Linear transformations, linear algebra

The last linear algebra article ended just right after we introduced the concept of a matrix and justified why the matrix vector multiplication has the form it has. Now, we extend it to matrix-matrix multiplication.

In the past article we discovered that it we can identify the vectors of one basis as a linear combination of vectors of another one (we always can do this), then we can quickly determine the representation of any vector in the new basis. If the vectors in the new basis (the \(\mathbf{e'}\) vectors in the last article) are represented as columns in terms of the old basis, then we have something like

\[\mathbf{x_{new}} = \begin{pmatrix} \vert & \vert & \ldots & \vert \\ \mathbf{e_{old\rightarrow new,1}} & \mathbf{e_{old\rightarrow new,2}} & \ldots & \mathbf{e_{old\rightarrow new,n}} \\ \vert & \vert & \ldots & \vert \\ \end{pmatrix}\mathbf{x_{old}}\]

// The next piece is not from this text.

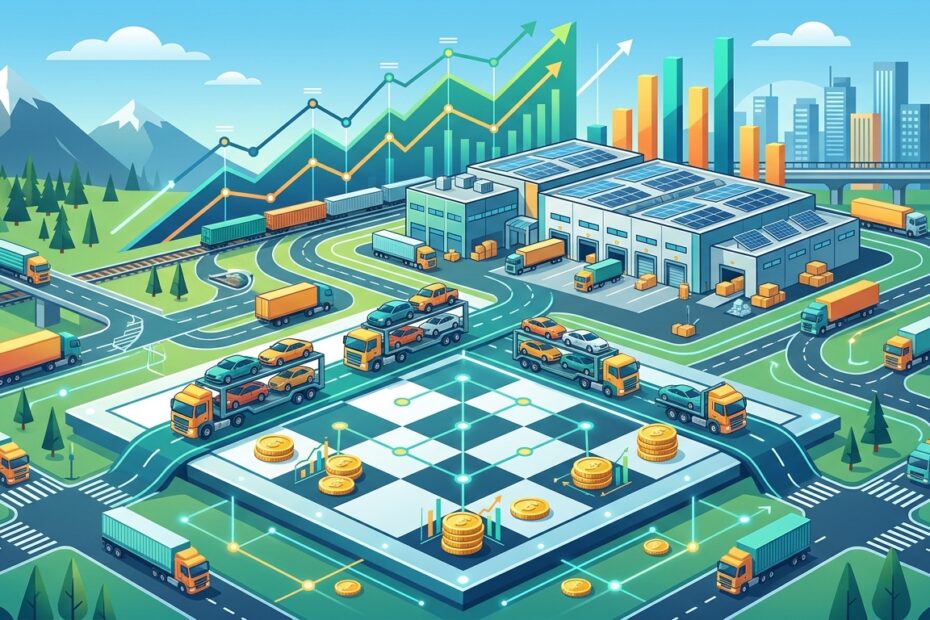 Ilustração vetorial em estilo xadrez e finanças representando a Tegma Gestão Logística TGMA3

Where each of the columns is representing the old basis vectors in the new one.

The way we defined matrix vector multiplication, this is exactly the same as a linear composition, where the multipliers for each \(\mathbf{e_{old\rightarrow new,i}}\) vector are the corresponding entries of \(\mathbf{x_{old}}\):

\[\mathbf{x_{new}} = \sum_{i=1}^n{\mathbf{e_{old\rightarrow new,i}}x_{old,i}}\]

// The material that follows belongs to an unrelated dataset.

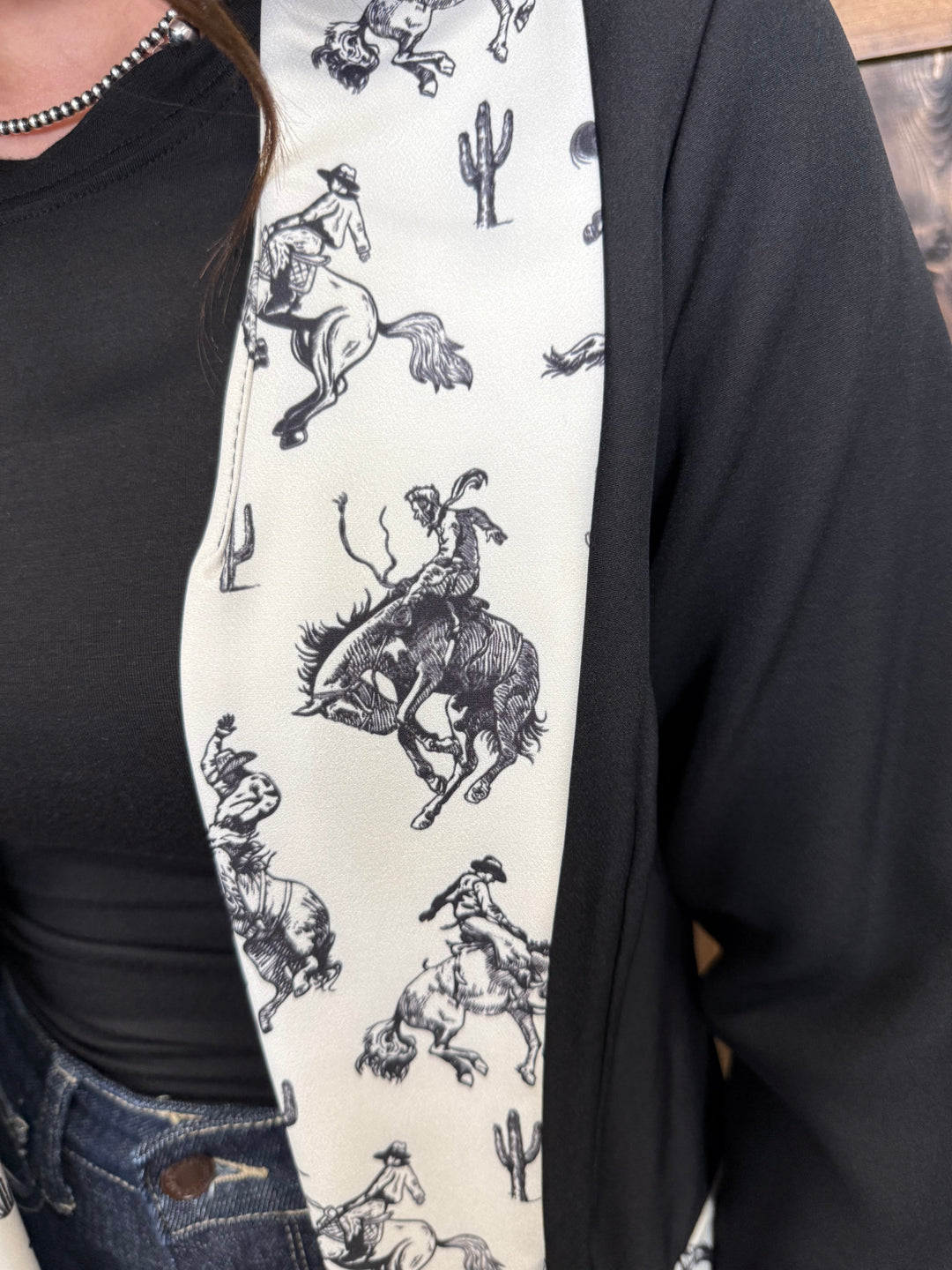 Black Cowboy Print Color Block Woven Blazer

Now, let’s consider this scenario: we already converted from one base to another but the application we are solving requires us to convert again. For example, imagine first translating the grid and then rotating it.

We need to find the coordinates of the new centers of the squares after both transformations. If we denote by \(A\) the matrix to convert the basis in the first transformation and by \(B\) the matrix for the second conversion, then the product \(AB\) is the product that goes directly from the original to the new basis.

The fact that we want this to be true regardless of any (linear) transformation is the only reason why matrix multiplication is defined the way it is: multiply every value in a row with a corresponding value in a column and sum all these products together to get the value at the intersection of the row and the column.